In the entries below, the line with "13-19 Ford Focus" marks the start. Return it and every following line exactly, ending with the last.
(Beginning of GIVEN ENTRIES)
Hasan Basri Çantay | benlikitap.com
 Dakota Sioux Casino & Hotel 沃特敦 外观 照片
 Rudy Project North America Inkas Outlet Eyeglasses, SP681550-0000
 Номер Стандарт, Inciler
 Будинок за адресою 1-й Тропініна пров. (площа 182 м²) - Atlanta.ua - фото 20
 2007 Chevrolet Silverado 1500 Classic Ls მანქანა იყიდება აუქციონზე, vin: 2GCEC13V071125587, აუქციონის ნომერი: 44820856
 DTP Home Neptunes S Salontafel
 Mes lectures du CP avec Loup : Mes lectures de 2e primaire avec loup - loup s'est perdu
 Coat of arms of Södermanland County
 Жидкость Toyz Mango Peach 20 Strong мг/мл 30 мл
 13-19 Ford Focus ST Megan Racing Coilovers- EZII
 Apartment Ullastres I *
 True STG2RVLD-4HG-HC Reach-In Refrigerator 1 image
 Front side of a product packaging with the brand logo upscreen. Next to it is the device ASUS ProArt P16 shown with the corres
(End of GIVEN ENTRIES)
▶ [TASK OUTPUT]:
 13-19 Ford Focus ST Megan Racing Coilovers- EZII
 Apartment Ullastres I *
 True STG2RVLD-4HG-HC Reach-In Refrigerator 1 image
 Front side of a product packaging with the brand logo upscreen. Next to it is the device ASUS ProArt P16 shown with the corres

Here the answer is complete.